* **What to produce**
Print verbatim every line starting at the one that contains "Case Report: Single-Cell" and ending at the final line of the records; include both endpoints.

- Opening Delimiter -

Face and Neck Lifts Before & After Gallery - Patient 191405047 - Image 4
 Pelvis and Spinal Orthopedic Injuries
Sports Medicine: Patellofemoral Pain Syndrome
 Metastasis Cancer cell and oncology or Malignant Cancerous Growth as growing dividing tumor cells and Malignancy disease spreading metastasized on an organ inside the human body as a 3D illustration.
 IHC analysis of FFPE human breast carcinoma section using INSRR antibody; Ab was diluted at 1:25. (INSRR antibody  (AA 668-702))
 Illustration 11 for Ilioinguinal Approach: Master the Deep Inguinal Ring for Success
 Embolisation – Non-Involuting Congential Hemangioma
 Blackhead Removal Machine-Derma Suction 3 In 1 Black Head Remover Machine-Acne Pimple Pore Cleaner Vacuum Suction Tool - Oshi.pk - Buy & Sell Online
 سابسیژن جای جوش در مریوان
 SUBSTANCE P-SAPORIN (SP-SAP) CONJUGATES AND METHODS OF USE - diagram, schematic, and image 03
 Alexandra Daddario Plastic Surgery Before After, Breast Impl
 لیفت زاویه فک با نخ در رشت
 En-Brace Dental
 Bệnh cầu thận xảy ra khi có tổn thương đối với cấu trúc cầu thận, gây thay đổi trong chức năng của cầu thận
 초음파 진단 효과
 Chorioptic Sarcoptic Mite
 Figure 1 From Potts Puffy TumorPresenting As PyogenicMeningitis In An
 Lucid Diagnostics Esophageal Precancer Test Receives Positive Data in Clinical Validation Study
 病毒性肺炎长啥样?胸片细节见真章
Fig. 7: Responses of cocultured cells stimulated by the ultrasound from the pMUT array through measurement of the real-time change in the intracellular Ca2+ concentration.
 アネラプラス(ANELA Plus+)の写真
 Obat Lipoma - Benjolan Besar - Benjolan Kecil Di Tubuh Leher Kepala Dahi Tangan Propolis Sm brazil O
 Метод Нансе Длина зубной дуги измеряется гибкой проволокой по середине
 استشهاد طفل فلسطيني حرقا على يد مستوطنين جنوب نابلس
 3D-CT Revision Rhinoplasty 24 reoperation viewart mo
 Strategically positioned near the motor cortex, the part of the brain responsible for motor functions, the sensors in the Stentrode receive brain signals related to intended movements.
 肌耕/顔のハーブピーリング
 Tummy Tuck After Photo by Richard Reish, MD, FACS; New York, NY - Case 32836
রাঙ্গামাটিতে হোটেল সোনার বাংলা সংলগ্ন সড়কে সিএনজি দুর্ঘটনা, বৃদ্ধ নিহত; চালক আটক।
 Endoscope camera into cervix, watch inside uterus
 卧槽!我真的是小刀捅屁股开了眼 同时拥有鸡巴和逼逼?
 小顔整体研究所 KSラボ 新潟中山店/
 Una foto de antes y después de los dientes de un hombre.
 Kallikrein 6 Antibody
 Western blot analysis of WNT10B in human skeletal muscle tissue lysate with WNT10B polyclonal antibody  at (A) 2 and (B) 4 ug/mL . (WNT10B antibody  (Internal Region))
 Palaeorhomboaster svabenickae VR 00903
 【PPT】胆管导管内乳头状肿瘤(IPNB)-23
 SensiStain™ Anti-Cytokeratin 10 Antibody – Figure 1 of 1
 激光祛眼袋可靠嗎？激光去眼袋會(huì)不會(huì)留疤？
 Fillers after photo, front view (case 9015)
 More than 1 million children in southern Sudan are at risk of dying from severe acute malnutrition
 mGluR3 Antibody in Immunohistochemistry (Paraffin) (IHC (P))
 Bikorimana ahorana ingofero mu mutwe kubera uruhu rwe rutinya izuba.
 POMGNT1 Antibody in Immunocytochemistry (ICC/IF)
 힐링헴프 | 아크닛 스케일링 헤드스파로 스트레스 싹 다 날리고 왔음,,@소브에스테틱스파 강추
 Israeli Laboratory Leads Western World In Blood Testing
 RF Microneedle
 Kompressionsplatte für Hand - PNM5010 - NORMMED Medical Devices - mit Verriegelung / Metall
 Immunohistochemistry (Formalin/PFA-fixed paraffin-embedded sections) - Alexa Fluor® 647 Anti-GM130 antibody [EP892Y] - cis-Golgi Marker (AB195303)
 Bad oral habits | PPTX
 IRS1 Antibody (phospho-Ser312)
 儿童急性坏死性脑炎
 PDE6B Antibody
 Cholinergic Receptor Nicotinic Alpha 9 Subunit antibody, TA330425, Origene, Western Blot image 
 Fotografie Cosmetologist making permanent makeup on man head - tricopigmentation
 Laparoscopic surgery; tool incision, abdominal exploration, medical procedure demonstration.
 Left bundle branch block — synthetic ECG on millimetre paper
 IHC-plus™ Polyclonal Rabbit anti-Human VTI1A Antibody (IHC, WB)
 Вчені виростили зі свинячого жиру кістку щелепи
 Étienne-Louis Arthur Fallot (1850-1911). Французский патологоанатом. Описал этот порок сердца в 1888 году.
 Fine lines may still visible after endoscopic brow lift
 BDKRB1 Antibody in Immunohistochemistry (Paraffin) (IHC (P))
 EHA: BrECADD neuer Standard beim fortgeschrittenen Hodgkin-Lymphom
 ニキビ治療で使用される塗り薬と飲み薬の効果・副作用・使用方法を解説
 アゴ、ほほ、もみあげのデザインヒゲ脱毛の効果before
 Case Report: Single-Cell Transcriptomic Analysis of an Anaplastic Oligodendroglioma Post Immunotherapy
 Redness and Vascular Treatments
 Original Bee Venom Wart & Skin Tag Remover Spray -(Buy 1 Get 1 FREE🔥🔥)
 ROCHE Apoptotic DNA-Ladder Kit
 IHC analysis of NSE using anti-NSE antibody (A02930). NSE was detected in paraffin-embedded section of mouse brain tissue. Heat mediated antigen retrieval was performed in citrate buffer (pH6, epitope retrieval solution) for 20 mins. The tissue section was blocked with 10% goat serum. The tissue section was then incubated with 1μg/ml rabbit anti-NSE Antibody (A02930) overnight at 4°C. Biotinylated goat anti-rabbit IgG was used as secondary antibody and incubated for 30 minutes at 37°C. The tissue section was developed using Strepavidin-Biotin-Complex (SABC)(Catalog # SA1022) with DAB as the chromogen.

- Closing Delimiter -

* **Expected answer**
 Case Report: Single-Cell Transcriptomic Analysis of an Anaplastic Oligodendroglioma Post Immunotherapy
 Redness and Vascular Treatments
 Original Bee Venom Wart & Skin Tag Remover Spray -(Buy 1 Get 1 FREE🔥🔥)
 ROCHE Apoptotic DNA-Ladder Kit
 IHC analysis of NSE using anti-NSE antibody (A02930). NSE was detected in paraffin-embedded section of mouse brain tissue. Heat mediated antigen retrieval was performed in citrate buffer (pH6, epitope retrieval solution) for 20 mins. The tissue section was blocked with 10% goat serum. The tissue section was then incubated with 1μg/ml rabbit anti-NSE Antibody (A02930) overnight at 4°C. Biotinylated goat anti-rabbit IgG was used as secondary antibody and incubated for 30 minutes at 37°C. The tissue section was developed using Strepavidin-Biotin-Complex (SABC)(Catalog # SA1022) with DAB as the chromogen.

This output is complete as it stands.